People continue to argue about the very existence of global warming, rather than developing strategies to reverse it or at least slow down the process – all this despite the reality that scientific evidence is readily available. The fact that 23 percent of Americans still don’t believe in climate change could probably be explained by the fact that the United States ranks 17th in the world in overall education performance, 23rd in science and 24th in literacy. The severe lack of investment in the education of America’s youth has a costly ripple effect as it stunts potential development and advancement in various critical areas of society such as environment protection, international relations, justice and law, medicine and mental health.   

“Back-to-Back World War Champs” tank tops and “Murica” Instagram captions will only be able to fill us with a sense of national pride for so long. The first step to overcoming the innumerable challenges our country is facing is to admit they exist and won’t go away on their own. We can learn from our mistakes, fix the systems we’ve created and prevent new problems from arising. The United States of America is broken, but it is certainly worth fixing.

David Hourin ’17 is from Austin, Texas. He lives in Morgan.

  • Mike

    Wow! You’ve checked all the boxes and it’s only September year one….’and I want to be a doctor and a lawyer and a doctor-lawyer and a fireman and a policeman–OH NO, not a policeman, sorry–and a engineer but only the kind that drives the train because we don’t have the other program here…we have classes in train driving, yes?’ Remember, all politics is local and the id is a terrible thing to baste . Leave the manifesto’s to those with the calluses.

  • Joseph

    Keep fighting the good fight, David.

    To Mike: given your incoherent thinking, odd typos, and time of your post, I can only surmise that you were drunk or stoned when you wrote the above comments.

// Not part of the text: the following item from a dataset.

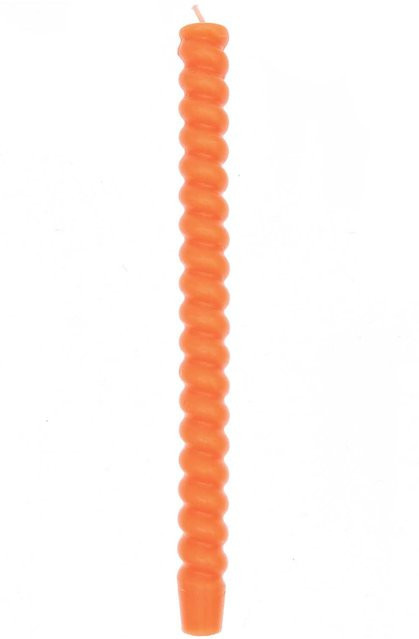 Rico Design Spiralkerze in Neon Orange, Durchmesser: 2,4 cm, Höhe: 28 cm - Bild 1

    Either way, your dismissiveness is utterly misguided. We need more people like Mr. Hourin to speak out against the massive amount of ignorance, jingoism and bigotry that is starting to define the national character of our once progressive and admirable country — no matter how young or idealistic that person may be.

    In fact, young and idealistic is better. People grow tired of hearing from the cranky, old cynics regardless of how many calluses they may have acquired.

  • Mike

    Joseph, Joseph, Joseph

    Show me the typos. I’ll help you…”a engineer”?…intended. “baste”?…intended. Show me.

    “incoherent thinking”…liberal arts translation, ‘I don’t like what you said’.

    “and time of your post”…There are people in this country that do not work 9-5. I forgive you for this comment. I have no doubt that this is news to you. Also, the black lines are called ‘barcodes’. They are magic.

    “our once progressive and admirable country”…Which administration presided over this? This cranky, old guy must have missed it but I’m sure you could enlighten me.

    I admit, I have no idea how old you are. My sense, not old enough.